As with Wikipedia, it’s easy to fall down a black hole on Encyclopaedia Dramatica by following links. You idly click from page to page, travesty to travesty, wondering if you’re becoming slowly inured to what you see, until you arrive at the notorious ‘Offended?’ page.

The title is a cruel trick: the page sets out to offend you even more. Suddenly you find yourself scrolling through images of viscera and porn, and that ancient horror, Goatse. A pixelated herd of Goatses.

Suddenly 4chan is empty, and all the devils are here.

‘Offended?’ is repulsive, an altar to all that is disturbing and eyeball-searing and wrong.
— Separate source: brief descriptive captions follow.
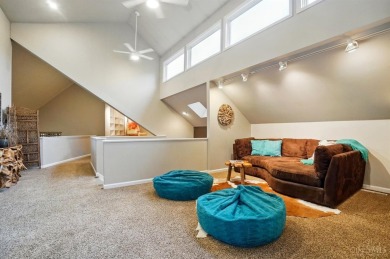 Exceptional home on the Blue Ash Golf Course in sought-after on Blue Ash Golf Course in Ohio - for sale on GolfHomes.com, golf home, golf lot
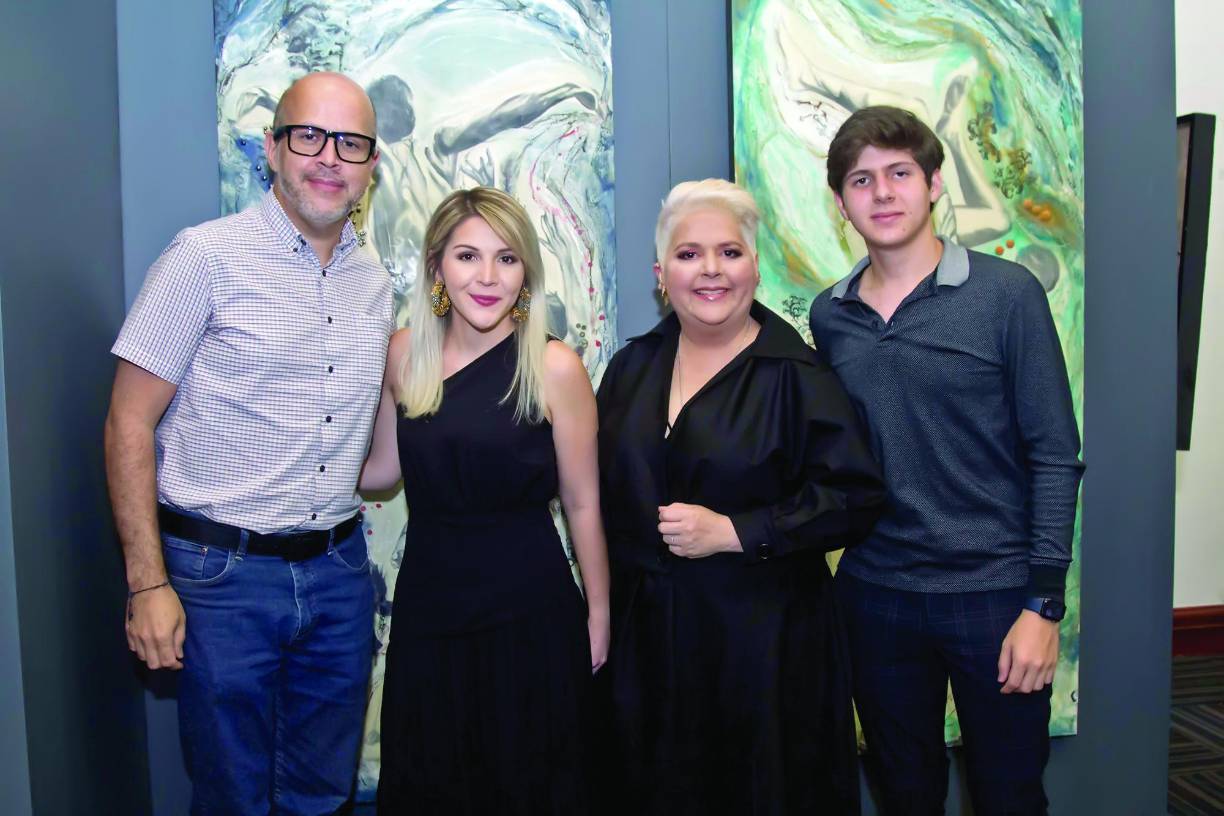 Fraternidad. César Herrera, Adela Yanes, Pamela Letona y Sebastián Yanes. Fotos Amílcar Izaguirre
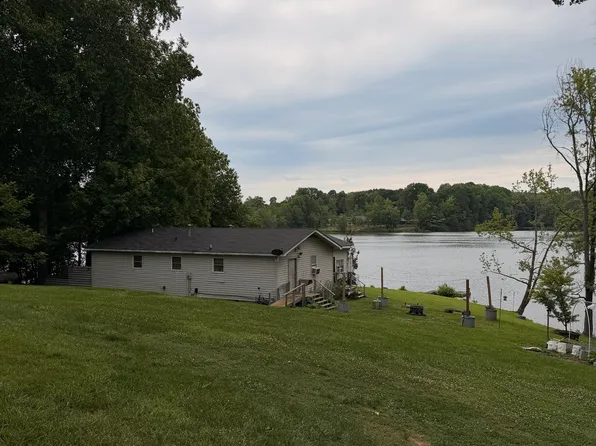 240 Canady Rd, Wellford, SC 29385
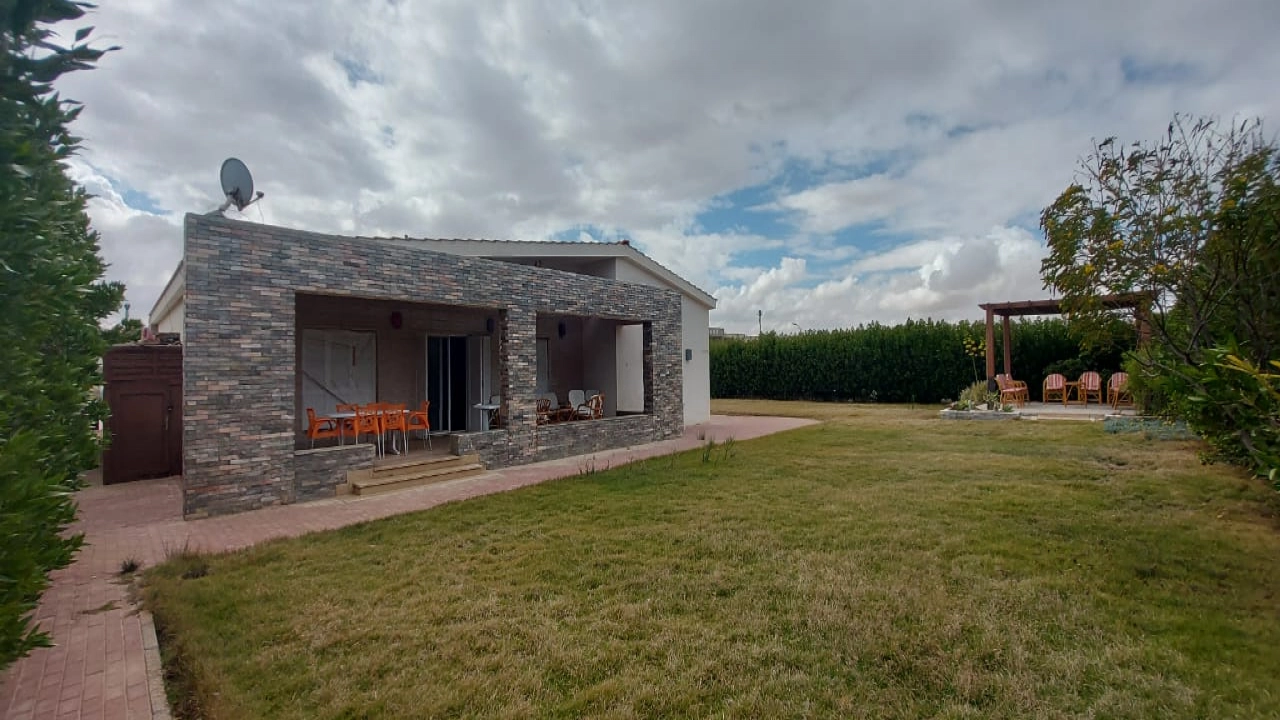 فيلا للبيع في قرية امواج الساحل الشمالي سيدي عبد الرحمن Villa for sale in Amwaj Village, North Coast, Sidi Abdel Rahman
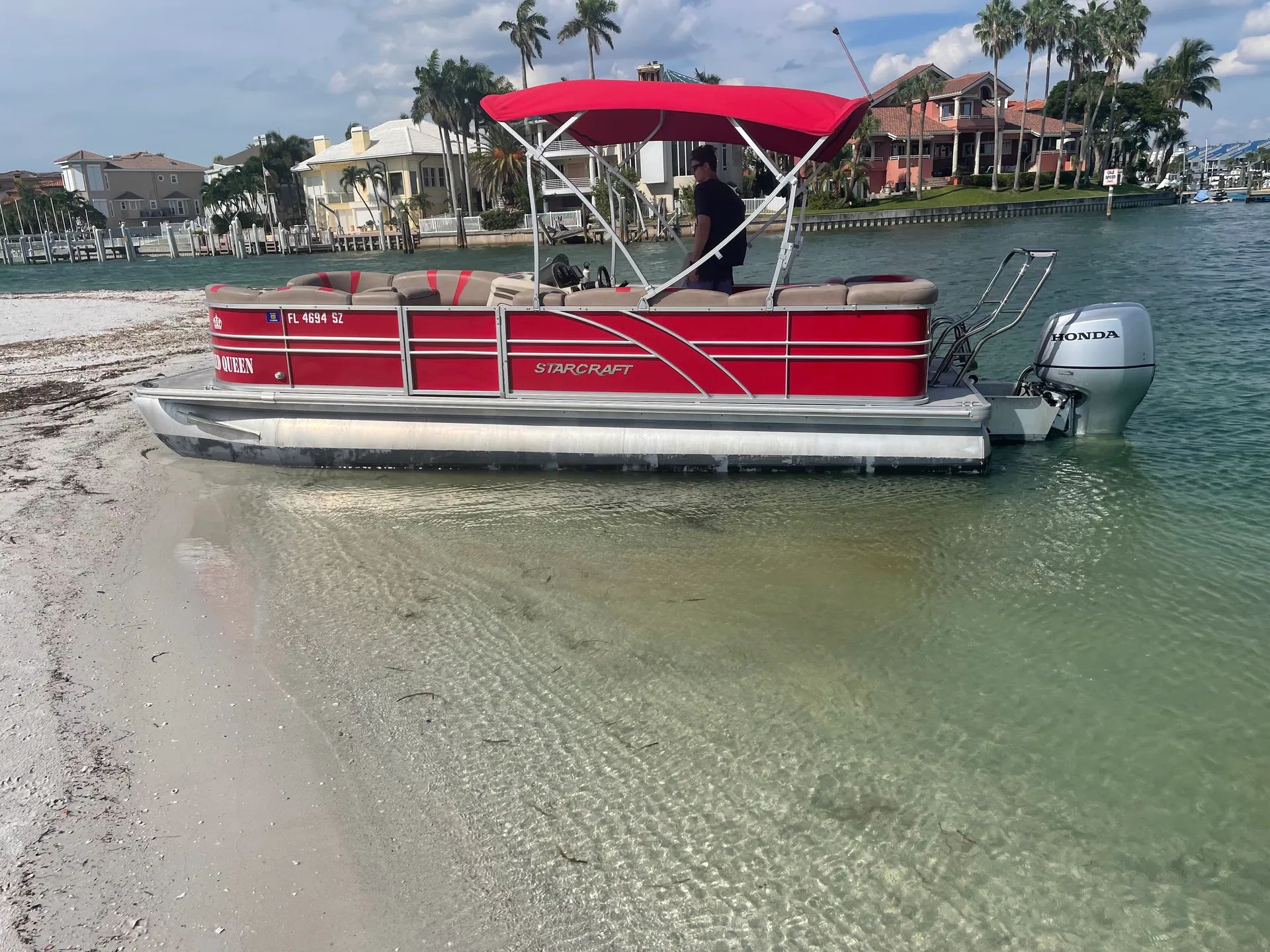 Comfortable 24’ Tri Toon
But it is fascinating as an anthology of meme-horror, a page which is more than the sum of its (disturbing) parts. ‘Offended?’ has a transformative effect upon its viewers: it works as indoctrination tool and hazing ritual, by traumatising new ED users into existence. It casts the troll as a martyr and a witness, someone who has seen things you people wouldn’t believe.

When I ask Zaiger if ED has stepped up its many horrors to match the times, his answer was coy. “I don’t think we are necessarily looking to shock people, we just write about what we think is funny, and what we think is funny is shocking to some people.” He said. “If we have become more extreme it is only because the internet has become more extreme.”

It’s difficult to know whether the purpose of ED is still to shock, whether it ever really was, or whether it only exists after the fact, as a record of someone else’s outrage. In either case, what exactly is the site’s worth? Should we preserve it, or decry it entirely? Or can Encyclopaedia Dramatica be redeemed, by archiving the unarchivable?